Developing A Practice Plan

It goes without saying that developing a practice plan is instrumental to the coaching process. As Schwab says, the best drills are the ones that the players hate.

From the player’s perspective, which drills are most efficient?

Steve Serio, a co-captain of the USA men’s wheelchair basketball team, says practices are quite different between Team USA and his club team, the New York Rolling Knicks.

Drills for the U.S. are often team-centered, peppered with 5-on-5 drills because, one, the team doesn’t spend much time together, and two, at the international level, the athletes shouldn’t need to work on individual skills in practice.

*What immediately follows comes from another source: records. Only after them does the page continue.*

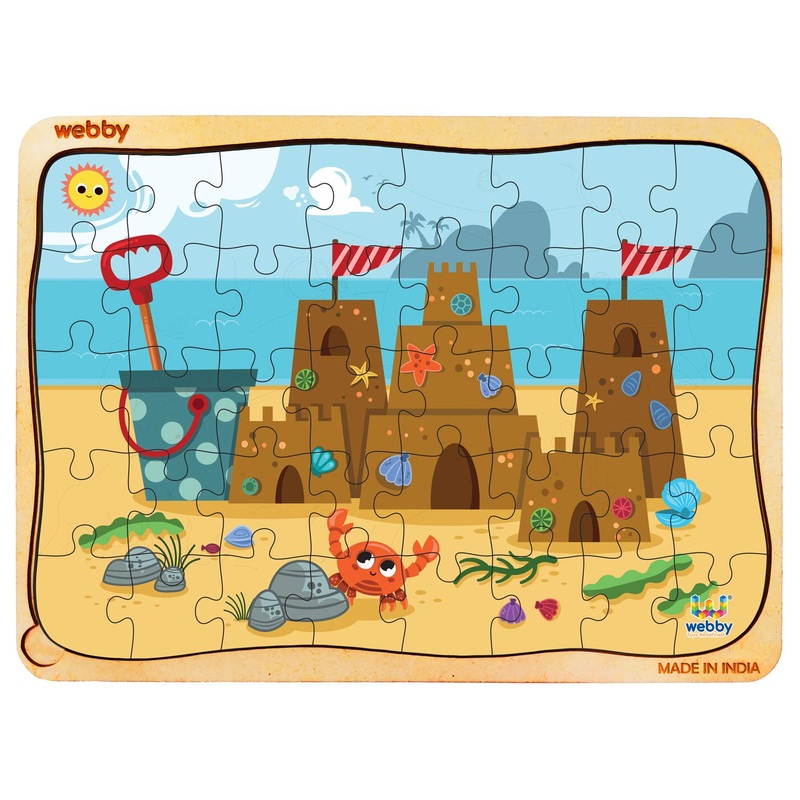Webby Sand Castle Wooden Floor Puzzle, 40 Pcs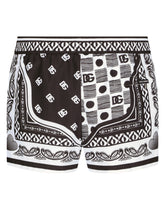 Short swim trunks with bandanna print - | Dolce & Gabbana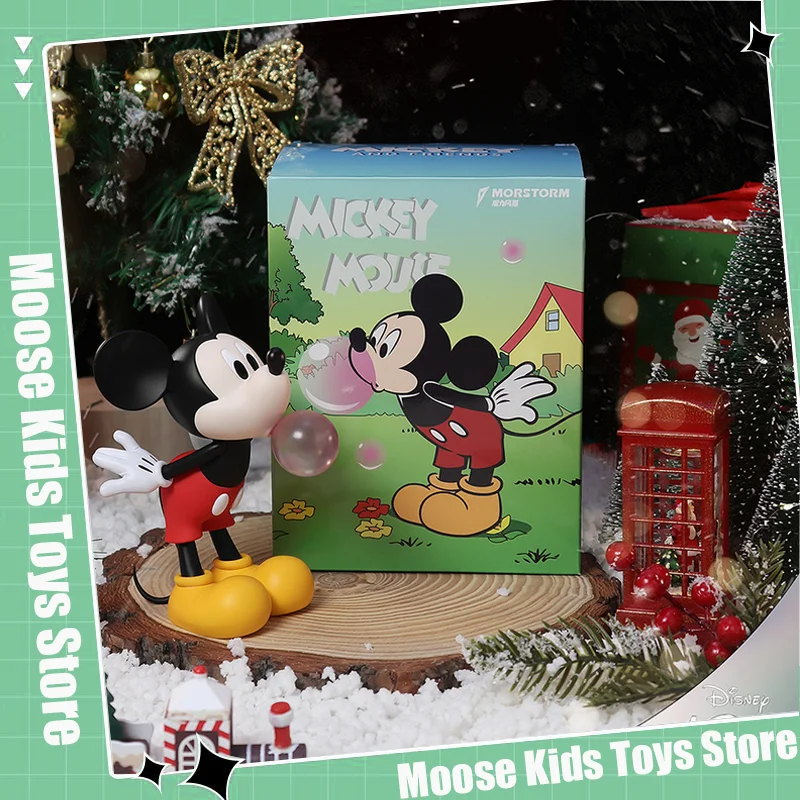 

15cm Disney 100th Anniversary Blow Bubbles Series Mickey Mouse Minnie Anime Figures Toy Mickey Collection Ornaments Gift For Kid
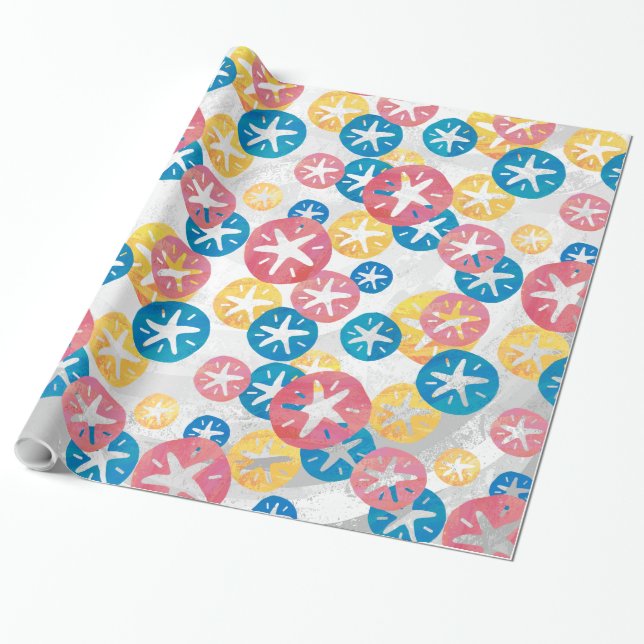 Sand Dollar Gult Red Blue Mönster Presentpapper (Utrullad)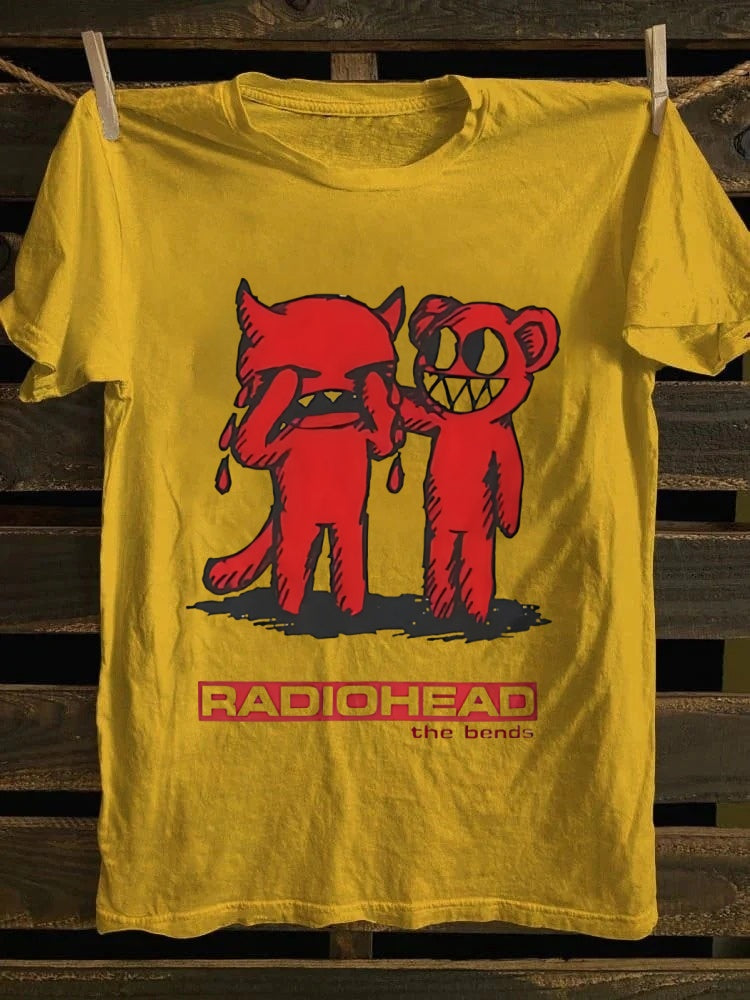 Radiohead The Bends graphic T-shirt, designed by a retro punk rock band, featuring cartoon characters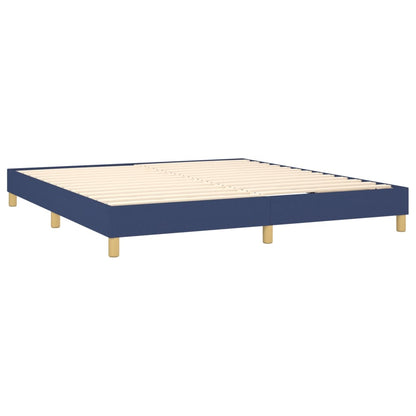 Boxspring Met Matras Stof Blauw 160 x 200 cm Verticale strepen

“Your individual skills are expected to be at a certain level before practice starts,” Serio says. “(Team USA men’s wheelchair basketball coach Ron Lykins) is very tough on us.”

When Serio is training by himself, though, he works through basic chair skills like the power-stop-and-start, half-court throws, basic bounce stops and spins.

The power-stop-and-start is one of the most standard wheelchair basketball drills, designed to develop the first two pushes needed for set picks and play defense. There’s an emphasis on hand speed, explosiveness off the push, coming to a complete stop and speed of recovery to pushing position. In the two-person drill, one partner lines up on the baseline and the other grabs onto the back of other person’s wheelchair. The person in front takes two pushes and then comes to an immediate stop, doing that baseline-to-baseline.

A drill Schwab likes is 2-on-2-touch-the-spot. Against a teammate, the player defends his or her side of the lane. There’s a ball in the middle, and the player defends and doesn’t let anyone get a touch on the ball.

To teach a proper box-out, Schwab uses a fast-break layup drill she calls Celtic modified. The rebounder passes the ball up the court, and the first person in line defends the second person in line.  Then they box out, grab the rebound and take it back up the court.